Die Männer spitzten die Ohren. Bald hörten sie weitere Schüsse und Schreie.

»Henry, Stanford, seht nach!« schnarrte der Hai.

Die beiden Angesprochenen verließen den Raum mit gezogenen Revolvern.

*

Die fünfzehn Minuten waren noch längst nicht verstrichen, als die Schüsse über den Portsmouth Square hallten. Obwohl sie möglicherweise etwas Schlimmes bedeuteten, empfand Lieutenant Wannaker sie als Erlösung.

Er sprang auf, zog seinen Army Colt und rief: »Vorwärts, Männer, zum Angriff!«

Der Offizier lief auf den großen Platz hinaus. Seine Abteilung folgte ihm, die zuvor unter den Umhängen verborgenen Gewehre im Anschlag.

Weitere Abteilungen stürmten aus anderen Gassen auf das Gelände des Golden Crown zu, eine direkt zur Hofeinfahrt.
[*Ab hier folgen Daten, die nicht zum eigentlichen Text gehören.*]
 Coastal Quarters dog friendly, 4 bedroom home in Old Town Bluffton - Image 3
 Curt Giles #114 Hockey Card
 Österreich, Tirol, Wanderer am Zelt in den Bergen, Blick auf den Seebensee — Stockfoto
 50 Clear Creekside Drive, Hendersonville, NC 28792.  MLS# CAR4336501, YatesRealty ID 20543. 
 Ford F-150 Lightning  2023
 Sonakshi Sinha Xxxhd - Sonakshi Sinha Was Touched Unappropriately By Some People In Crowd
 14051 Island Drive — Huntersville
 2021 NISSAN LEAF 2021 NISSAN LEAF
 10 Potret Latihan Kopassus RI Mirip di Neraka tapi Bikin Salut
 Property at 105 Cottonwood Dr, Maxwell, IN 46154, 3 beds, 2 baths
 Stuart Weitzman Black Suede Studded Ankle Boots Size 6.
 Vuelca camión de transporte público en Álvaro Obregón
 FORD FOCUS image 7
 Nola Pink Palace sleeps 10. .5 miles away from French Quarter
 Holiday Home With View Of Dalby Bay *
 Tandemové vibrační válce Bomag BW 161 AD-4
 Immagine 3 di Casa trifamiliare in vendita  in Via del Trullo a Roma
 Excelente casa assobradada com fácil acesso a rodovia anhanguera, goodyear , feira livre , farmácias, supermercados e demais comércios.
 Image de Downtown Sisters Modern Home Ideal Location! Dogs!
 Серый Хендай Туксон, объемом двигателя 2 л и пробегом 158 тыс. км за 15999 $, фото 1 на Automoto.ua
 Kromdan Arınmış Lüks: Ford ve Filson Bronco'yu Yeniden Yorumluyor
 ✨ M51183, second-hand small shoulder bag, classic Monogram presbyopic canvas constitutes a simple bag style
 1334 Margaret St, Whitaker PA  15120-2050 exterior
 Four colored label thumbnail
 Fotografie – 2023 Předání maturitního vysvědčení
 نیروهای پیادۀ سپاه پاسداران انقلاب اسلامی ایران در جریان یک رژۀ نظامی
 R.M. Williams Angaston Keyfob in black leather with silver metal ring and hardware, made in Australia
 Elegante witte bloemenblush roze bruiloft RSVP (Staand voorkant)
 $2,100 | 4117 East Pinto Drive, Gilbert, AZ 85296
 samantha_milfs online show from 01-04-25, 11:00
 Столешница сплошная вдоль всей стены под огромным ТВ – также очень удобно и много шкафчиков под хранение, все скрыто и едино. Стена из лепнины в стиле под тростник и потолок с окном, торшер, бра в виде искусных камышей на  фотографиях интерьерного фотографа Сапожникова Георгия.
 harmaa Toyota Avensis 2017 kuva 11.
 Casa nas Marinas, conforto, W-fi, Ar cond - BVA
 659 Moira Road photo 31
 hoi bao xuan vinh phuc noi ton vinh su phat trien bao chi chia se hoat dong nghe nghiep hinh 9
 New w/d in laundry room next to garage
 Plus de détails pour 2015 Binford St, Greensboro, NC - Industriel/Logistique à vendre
Das Abwehrfeuer, das den Soldaten entgegenschlug, war erstaunlich schwach. Offenbar hielten sich weniger Männer im Golden Crown auf, als Wannaker gedacht hatte. Vielleicht verwirrte die Verteidiger auch die Vielzahl der Angreifer: mehrere Abteilungen Soldaten von draußen und dann noch die Gegner drinnen, wer immer auch in Jacob Adlers Begleitung sein mochte.

Nur ein Mann aus Wannakers Abteilung sank verwundet in den Schlamm. Dann erreichten seine Männer das große Portal an der Vorderseite des Vergnügungspalastes.

Daß es verschlossen war, hielt die Soldaten nicht lange auf. Kräftige Axthiebe machten den Weg frei.

Wannaker drang als erster ins Golden Crown ein und war gespannt auf das, was er dort vorfinden würde.

*

Als Jacob und die Chinesen das erste Stockwerk erreichten, tauchten drei Gangster vor ihnen auf und eröffneten das Feuer.

Ein Chinese, der mit einem Nunchaku bewaffnet war, wurde in den Kopf getroffen. Er fiel die Treppe bis nach unten.

Wei Chou erledigte einen Gegner mit seiner Armbrust.